Take the line containing "Runner Photo 1836927" and every line after it to the end of the material below; reproduce them exactly, without pictures.

[[ DATA PROVIDED open ]]

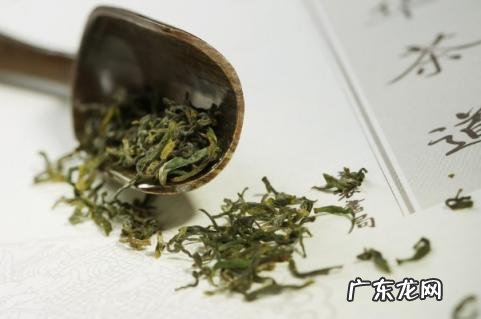 红茶和绿茶的功效分别是什么 红茶和绿茶的区别在哪里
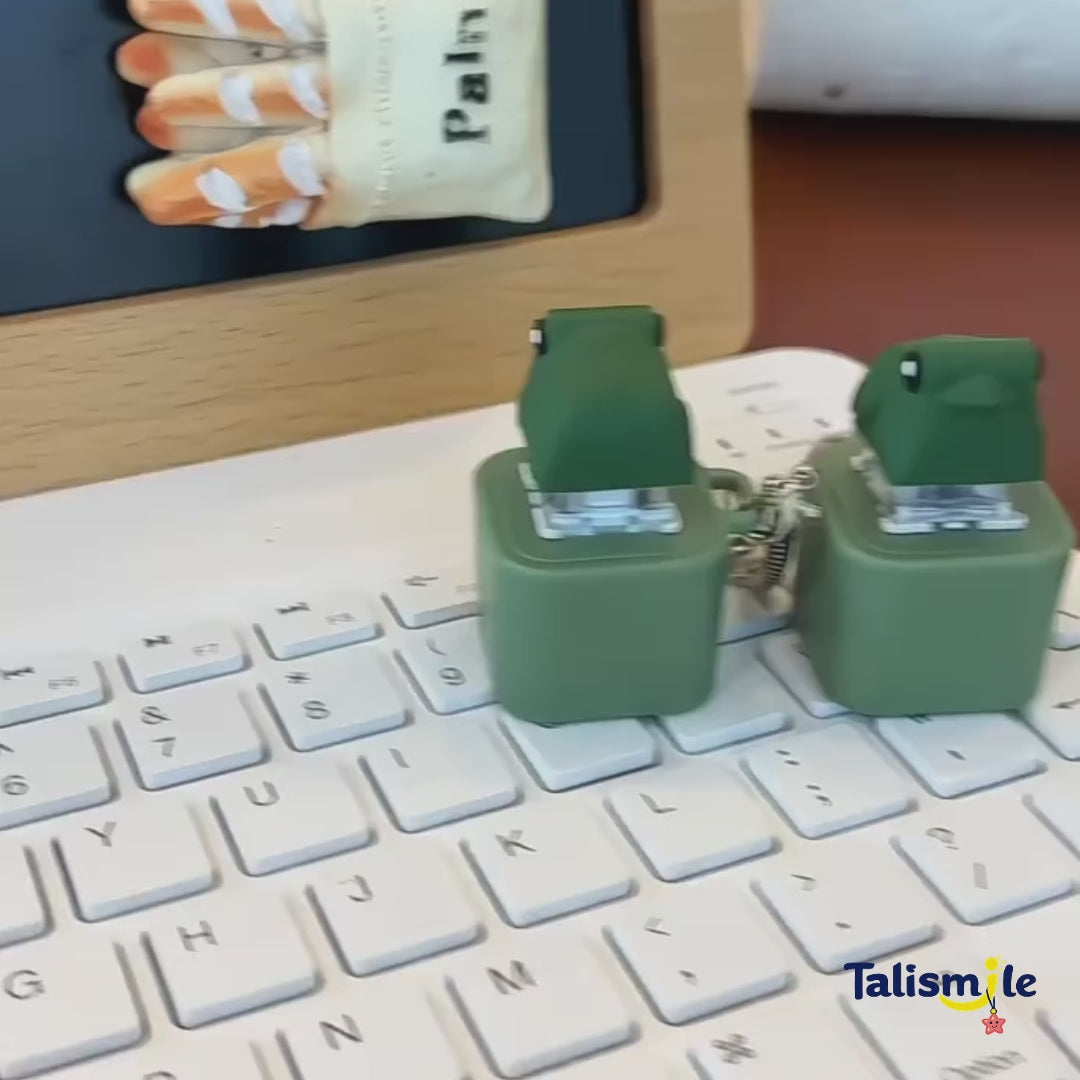 Funny Green Frog Clicker Keychain – Light-Up Sound Fidget Toy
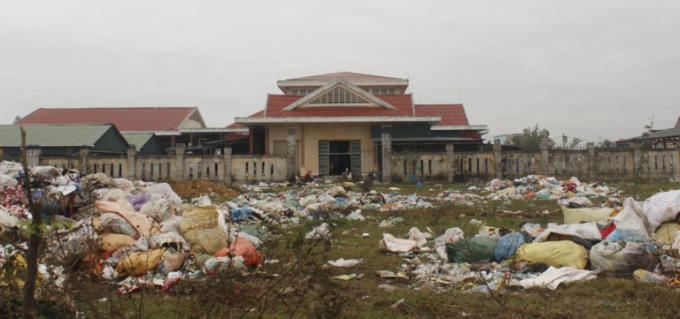 Rác thải ngập tràn tại khu vực chợ.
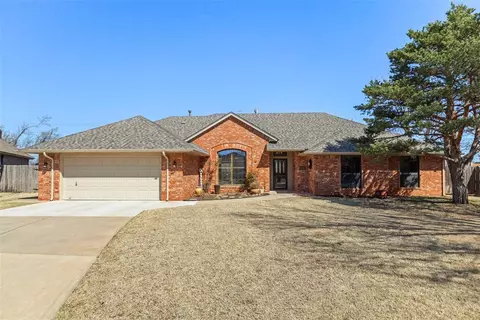 7008 Twin Lakes Cir, Warr Acres, OK 73132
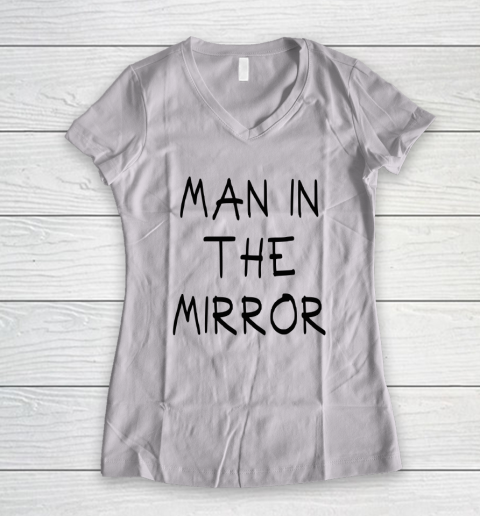 Christian Pulisic Shirt Say Man In The Mirror Women's V-Neck T-Shirt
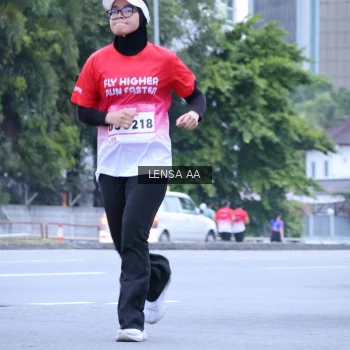 Runner Photo 1836927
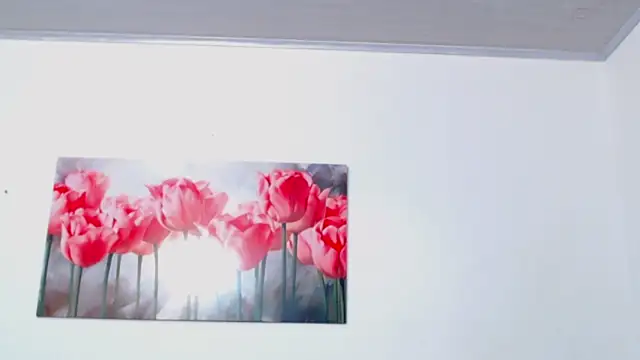 pinky_f00x's Live XXX Chat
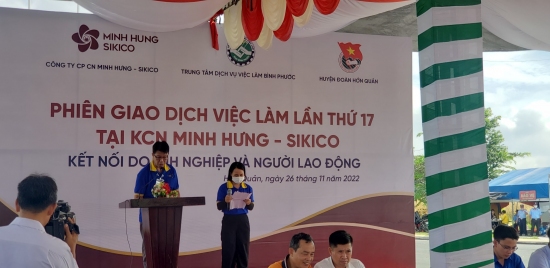 Đông đảo người lao động tham gia phiên giao dịch sự kiện tại Khu công nghiệp MINH HƯNG SIKICO.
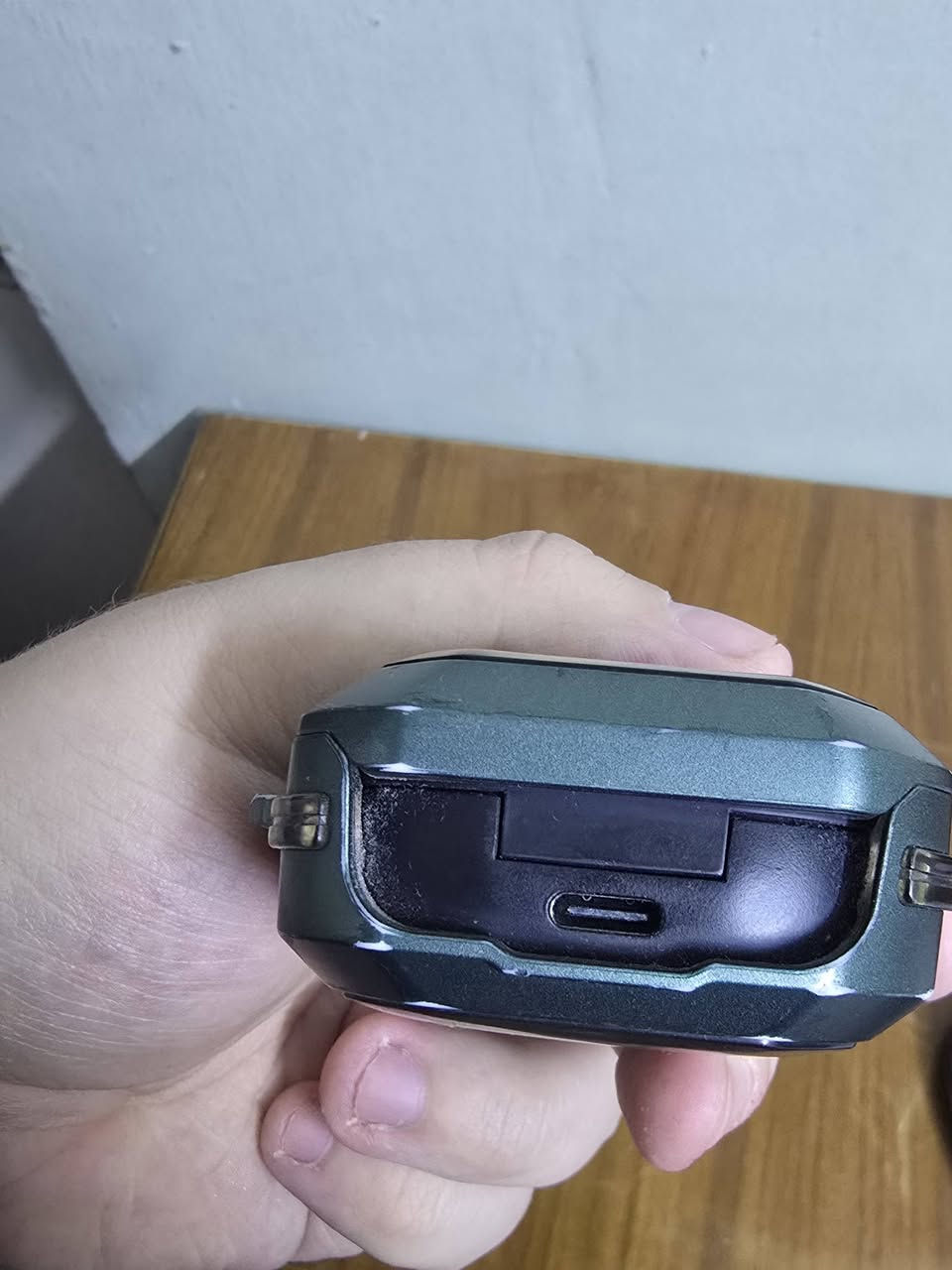 عليكم buds 2 pro للبيع السماعه اليمنه ضايعه للعلم متشريها ب١٤٠ الف وخاللها كفر 
السماعه نظيفه وكلشي مابيها مثل الصور ووياها الكارتونه والربرات الباقيه قيم واخذ
مكاني بغداد الصليخ


**إذا كنت صاحب هذا الإعلان وتريد حذفه لأي سبب، رجاءا أرسل رسالة إلى الدعم الفني**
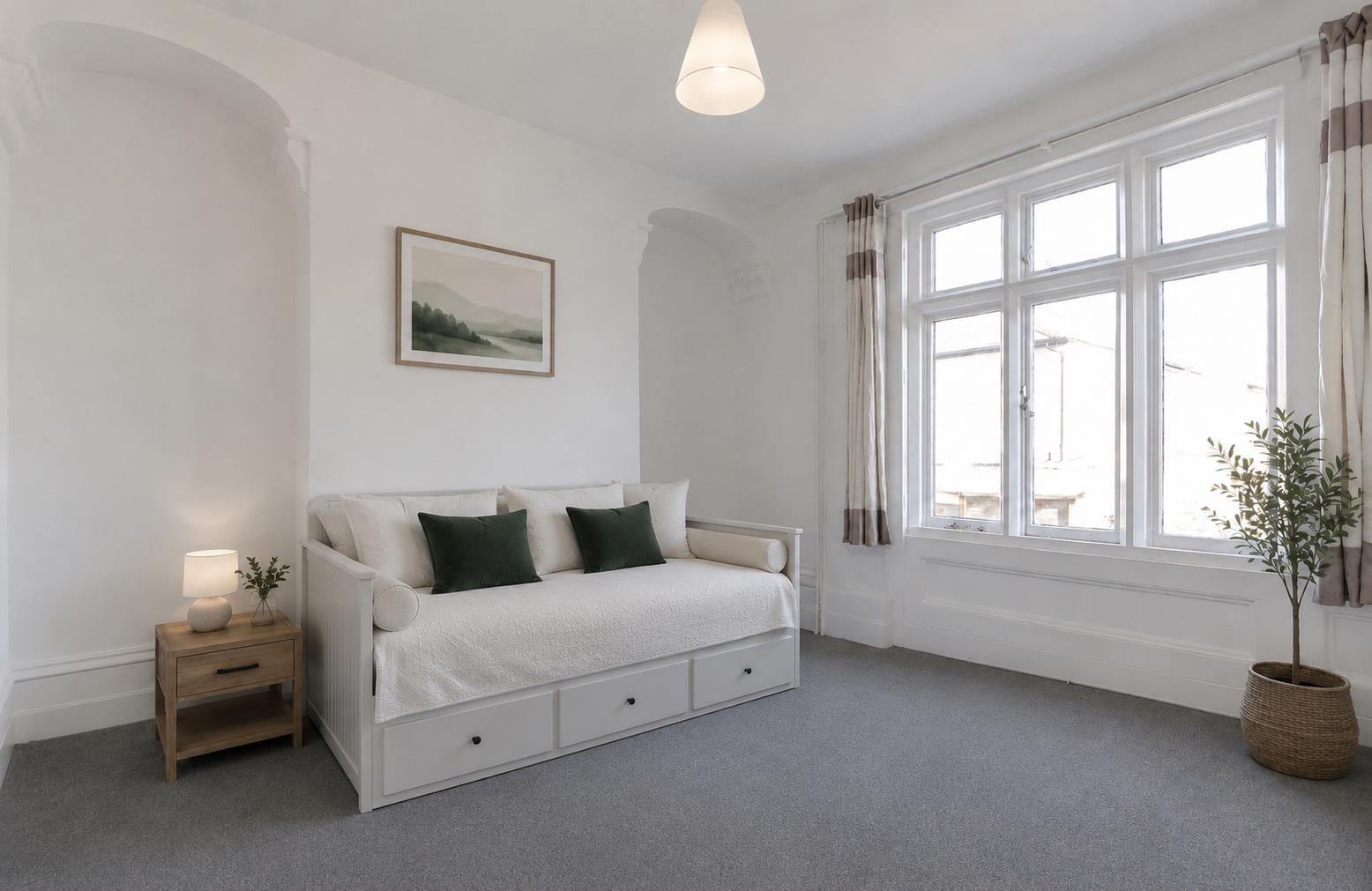 Flat Nascot Road in Watford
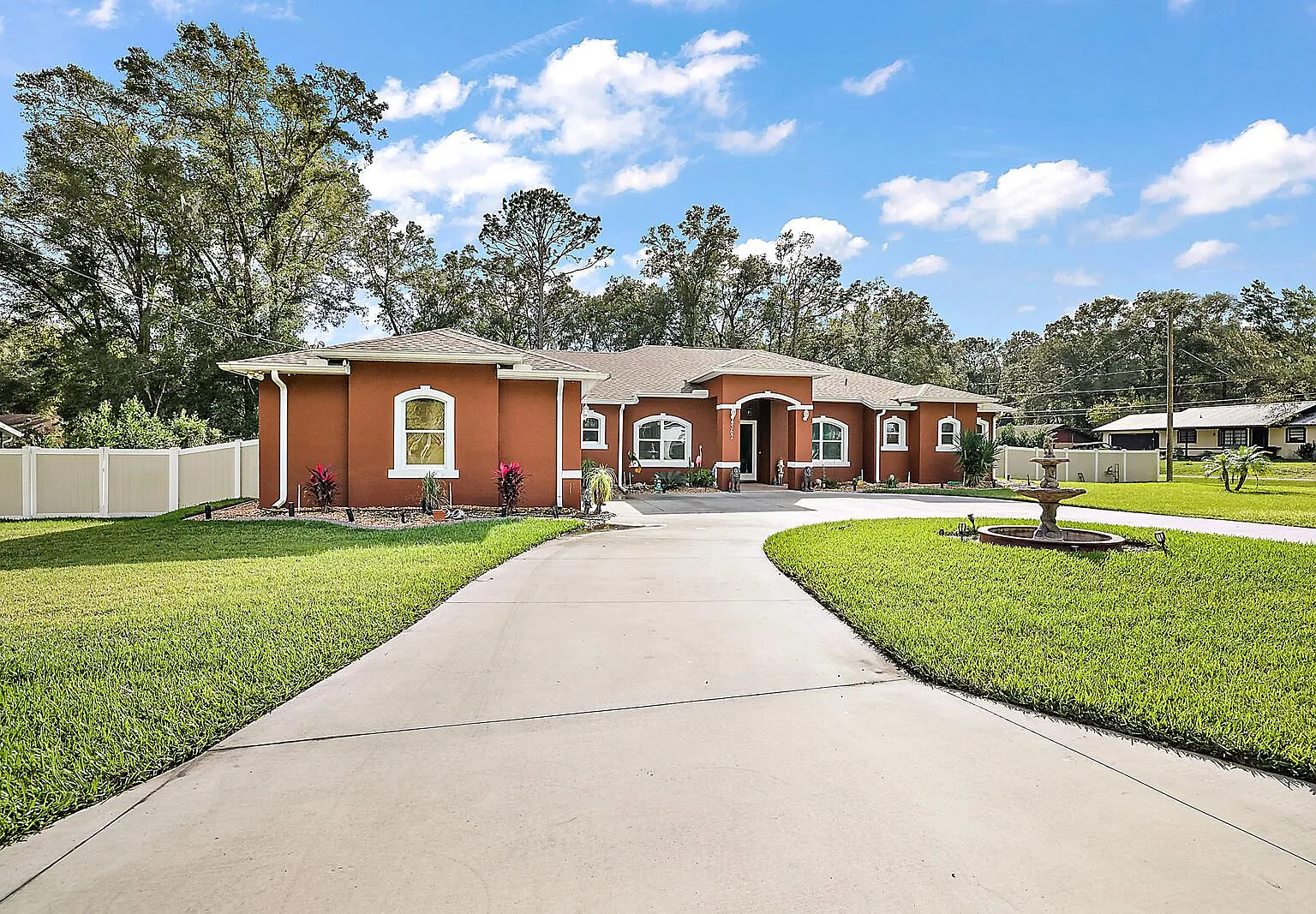 4 bed, 3600 sqft, $3,600 — Photo 4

[[ DATA PROVIDED closed ]]

__WRITTEN RESPONSE__
 Runner Photo 1836927
 pinky_f00x's Live XXX Chat
 Đông đảo người lao động tham gia phiên giao dịch sự kiện tại Khu công nghiệp MINH HƯNG SIKICO.
 عليكم buds 2 pro للبيع السماعه اليمنه ضايعه للعلم متشريها ب١٤٠ الف وخاللها كفر 
السماعه نظيفه وكلشي مابيها مثل الصور ووياها الكارتونه والربرات الباقيه قيم واخذ
مكاني بغداد الصليخ


**إذا كنت صاحب هذا الإعلان وتريد حذفه لأي سبب، رجاءا أرسل رسالة إلى الدعم الفني**
 Flat Nascot Road in Watford
 4 bed, 3600 sqft, $3,600 — Photo 4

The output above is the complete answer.